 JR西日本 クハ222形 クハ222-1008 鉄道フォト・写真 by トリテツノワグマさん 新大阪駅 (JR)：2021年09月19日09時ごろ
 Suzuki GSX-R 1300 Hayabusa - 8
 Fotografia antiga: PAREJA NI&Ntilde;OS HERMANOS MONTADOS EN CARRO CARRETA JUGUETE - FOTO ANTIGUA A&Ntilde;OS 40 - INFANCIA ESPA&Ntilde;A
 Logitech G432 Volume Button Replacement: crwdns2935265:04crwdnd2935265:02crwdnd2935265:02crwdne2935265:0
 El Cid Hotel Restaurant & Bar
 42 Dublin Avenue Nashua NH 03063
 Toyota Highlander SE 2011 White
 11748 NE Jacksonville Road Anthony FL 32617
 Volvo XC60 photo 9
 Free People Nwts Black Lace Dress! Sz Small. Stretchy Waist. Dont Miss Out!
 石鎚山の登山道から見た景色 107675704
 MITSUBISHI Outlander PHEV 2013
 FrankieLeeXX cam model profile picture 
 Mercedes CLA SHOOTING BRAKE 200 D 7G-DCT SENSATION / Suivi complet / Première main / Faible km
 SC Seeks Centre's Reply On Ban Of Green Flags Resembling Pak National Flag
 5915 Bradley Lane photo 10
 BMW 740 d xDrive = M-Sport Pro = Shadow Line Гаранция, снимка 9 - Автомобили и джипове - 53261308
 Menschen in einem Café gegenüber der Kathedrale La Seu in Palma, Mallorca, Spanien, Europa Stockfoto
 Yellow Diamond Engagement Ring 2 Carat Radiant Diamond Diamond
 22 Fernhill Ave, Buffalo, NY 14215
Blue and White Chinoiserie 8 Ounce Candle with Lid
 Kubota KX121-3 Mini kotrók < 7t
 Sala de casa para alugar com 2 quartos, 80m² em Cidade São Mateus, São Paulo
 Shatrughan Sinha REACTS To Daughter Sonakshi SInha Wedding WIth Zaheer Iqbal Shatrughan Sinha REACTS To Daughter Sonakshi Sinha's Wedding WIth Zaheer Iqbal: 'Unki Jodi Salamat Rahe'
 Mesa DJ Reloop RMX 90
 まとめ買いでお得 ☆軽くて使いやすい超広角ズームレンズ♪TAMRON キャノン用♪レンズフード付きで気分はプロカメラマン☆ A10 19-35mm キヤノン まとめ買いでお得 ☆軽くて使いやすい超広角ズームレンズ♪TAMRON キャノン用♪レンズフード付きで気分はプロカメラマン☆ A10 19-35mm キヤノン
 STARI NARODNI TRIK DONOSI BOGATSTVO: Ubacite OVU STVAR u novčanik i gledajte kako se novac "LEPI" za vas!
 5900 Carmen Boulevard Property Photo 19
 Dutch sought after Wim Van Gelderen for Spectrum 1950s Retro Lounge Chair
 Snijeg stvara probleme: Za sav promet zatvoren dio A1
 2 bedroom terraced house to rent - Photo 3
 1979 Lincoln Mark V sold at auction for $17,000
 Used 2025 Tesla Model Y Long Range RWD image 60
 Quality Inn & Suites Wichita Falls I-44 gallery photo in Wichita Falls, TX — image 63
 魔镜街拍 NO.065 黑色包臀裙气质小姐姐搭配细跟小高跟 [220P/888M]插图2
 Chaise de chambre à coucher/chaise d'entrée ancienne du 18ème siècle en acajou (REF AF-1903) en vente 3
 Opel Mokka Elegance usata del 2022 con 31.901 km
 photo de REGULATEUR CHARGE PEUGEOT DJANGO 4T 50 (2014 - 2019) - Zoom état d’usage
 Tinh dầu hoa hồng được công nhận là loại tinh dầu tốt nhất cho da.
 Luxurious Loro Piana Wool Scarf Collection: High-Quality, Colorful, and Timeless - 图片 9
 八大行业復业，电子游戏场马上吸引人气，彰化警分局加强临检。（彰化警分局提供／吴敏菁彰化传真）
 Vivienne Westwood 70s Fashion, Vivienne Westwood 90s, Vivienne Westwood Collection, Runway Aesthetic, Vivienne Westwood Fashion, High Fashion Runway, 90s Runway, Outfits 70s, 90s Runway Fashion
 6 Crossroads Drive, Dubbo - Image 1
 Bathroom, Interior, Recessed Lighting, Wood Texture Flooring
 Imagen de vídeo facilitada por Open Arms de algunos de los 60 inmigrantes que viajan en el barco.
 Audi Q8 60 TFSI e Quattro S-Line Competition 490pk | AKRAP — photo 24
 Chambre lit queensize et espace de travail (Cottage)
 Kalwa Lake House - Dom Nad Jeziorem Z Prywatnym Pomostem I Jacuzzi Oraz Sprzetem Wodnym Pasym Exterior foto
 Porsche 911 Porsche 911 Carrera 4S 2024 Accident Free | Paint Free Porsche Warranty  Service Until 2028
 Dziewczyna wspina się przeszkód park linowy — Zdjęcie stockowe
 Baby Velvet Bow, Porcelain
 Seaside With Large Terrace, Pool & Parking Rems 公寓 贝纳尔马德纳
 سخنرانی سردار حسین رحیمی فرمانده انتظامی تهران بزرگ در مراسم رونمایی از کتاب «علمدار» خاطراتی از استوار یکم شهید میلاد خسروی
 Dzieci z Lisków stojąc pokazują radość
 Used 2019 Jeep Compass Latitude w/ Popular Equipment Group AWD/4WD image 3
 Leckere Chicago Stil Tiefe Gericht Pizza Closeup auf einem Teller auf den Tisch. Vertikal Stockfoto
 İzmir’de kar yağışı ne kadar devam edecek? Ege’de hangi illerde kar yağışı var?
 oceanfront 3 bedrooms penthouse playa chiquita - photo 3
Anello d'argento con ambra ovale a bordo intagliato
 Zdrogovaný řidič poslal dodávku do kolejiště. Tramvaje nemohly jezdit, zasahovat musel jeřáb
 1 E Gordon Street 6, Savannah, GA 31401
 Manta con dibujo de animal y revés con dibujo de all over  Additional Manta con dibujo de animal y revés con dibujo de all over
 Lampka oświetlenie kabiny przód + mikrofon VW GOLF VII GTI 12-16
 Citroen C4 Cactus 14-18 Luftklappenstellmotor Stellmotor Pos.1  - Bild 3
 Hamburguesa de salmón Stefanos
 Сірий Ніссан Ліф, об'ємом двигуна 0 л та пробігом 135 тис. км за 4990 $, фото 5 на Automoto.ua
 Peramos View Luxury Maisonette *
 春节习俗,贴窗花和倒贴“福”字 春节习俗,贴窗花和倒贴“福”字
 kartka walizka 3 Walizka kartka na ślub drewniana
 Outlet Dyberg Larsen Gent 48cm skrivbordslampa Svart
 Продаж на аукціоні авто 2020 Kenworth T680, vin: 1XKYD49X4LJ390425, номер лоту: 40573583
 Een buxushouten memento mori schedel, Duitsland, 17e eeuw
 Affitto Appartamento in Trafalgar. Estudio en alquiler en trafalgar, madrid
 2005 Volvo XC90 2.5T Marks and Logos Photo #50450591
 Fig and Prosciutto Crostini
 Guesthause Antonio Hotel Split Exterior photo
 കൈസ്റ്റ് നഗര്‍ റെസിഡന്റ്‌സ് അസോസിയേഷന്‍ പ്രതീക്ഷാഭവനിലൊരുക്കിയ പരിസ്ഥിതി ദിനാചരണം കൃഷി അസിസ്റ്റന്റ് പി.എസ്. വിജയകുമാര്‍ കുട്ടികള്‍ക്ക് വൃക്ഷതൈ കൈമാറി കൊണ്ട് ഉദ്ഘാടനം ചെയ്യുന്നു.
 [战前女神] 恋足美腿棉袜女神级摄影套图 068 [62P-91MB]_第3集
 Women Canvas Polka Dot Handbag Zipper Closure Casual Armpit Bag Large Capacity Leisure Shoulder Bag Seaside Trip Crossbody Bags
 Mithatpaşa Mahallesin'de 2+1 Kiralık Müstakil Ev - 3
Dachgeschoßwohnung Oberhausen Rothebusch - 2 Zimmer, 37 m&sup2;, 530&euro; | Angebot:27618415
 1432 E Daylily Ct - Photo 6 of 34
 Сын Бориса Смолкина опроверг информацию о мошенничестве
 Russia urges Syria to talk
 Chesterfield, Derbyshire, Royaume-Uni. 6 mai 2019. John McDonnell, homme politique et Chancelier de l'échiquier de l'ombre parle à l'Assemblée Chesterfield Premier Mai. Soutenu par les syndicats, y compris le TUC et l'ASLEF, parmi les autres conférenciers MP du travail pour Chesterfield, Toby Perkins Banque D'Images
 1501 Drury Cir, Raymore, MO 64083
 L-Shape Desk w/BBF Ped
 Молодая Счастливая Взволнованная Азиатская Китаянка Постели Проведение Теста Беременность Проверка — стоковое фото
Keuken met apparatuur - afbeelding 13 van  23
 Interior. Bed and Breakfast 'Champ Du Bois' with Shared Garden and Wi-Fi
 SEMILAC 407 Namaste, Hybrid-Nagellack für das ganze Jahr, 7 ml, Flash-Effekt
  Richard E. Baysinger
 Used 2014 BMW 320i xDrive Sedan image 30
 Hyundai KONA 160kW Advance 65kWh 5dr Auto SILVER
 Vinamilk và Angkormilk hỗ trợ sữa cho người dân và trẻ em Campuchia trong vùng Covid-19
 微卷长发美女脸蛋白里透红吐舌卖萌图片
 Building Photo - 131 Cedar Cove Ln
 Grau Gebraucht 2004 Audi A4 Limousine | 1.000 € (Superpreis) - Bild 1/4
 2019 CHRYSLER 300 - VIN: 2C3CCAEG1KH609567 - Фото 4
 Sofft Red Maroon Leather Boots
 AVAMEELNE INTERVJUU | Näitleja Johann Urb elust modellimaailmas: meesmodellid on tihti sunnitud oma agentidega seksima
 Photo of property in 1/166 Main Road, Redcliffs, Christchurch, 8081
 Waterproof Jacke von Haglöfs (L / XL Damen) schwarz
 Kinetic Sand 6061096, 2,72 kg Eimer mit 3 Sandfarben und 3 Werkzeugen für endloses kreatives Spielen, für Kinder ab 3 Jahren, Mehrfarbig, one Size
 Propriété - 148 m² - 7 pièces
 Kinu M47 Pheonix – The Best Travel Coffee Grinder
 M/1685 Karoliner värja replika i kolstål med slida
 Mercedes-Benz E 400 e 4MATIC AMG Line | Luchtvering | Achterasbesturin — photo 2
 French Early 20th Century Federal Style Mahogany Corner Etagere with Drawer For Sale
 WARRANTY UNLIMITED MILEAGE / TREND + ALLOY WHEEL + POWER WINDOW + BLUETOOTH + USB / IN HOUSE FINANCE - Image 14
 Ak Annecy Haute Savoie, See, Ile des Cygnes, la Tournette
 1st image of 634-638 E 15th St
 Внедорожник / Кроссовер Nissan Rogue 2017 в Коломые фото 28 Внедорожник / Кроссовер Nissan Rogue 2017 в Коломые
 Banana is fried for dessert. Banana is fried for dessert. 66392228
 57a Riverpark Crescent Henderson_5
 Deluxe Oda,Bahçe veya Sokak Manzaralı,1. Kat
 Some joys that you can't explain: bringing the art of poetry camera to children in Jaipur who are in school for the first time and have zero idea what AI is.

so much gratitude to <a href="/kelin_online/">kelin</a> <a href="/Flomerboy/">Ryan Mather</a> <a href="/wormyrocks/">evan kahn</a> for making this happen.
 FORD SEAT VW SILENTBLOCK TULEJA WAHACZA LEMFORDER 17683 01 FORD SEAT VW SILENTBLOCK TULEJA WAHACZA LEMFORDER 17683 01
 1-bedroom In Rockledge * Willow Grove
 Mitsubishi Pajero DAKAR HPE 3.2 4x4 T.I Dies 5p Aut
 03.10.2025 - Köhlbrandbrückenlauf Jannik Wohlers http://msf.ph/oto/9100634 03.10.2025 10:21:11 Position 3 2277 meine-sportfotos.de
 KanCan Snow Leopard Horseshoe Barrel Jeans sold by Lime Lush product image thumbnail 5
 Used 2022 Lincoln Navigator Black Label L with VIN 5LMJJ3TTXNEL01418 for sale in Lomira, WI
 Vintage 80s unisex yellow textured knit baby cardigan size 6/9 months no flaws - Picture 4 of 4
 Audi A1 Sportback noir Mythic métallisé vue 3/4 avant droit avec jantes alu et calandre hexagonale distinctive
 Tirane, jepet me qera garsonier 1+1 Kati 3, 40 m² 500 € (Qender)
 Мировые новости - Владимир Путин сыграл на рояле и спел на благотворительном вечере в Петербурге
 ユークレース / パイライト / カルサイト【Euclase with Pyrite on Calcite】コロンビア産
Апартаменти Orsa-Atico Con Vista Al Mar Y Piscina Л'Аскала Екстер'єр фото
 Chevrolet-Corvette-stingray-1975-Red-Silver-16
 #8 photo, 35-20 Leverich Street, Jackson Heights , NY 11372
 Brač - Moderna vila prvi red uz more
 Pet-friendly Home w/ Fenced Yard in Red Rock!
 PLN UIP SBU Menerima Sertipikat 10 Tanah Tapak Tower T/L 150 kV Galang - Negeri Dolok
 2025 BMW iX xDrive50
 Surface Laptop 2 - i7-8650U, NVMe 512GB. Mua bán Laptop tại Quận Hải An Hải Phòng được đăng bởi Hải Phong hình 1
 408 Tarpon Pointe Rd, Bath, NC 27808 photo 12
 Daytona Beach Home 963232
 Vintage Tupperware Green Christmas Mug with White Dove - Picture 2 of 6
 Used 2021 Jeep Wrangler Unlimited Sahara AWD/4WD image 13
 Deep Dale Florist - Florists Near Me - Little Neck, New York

__REQUIRED ACTION__.
For every line above with the word "Black" in it, make a copy.

__RESULT BELOW__.
 Free People Nwts Black Lace Dress! Sz Small. Stretchy Waist. Dont Miss Out!
 Used 2022 Lincoln Navigator Black Label L with VIN 5LMJJ3TTXNEL01418 for sale in Lomira, WI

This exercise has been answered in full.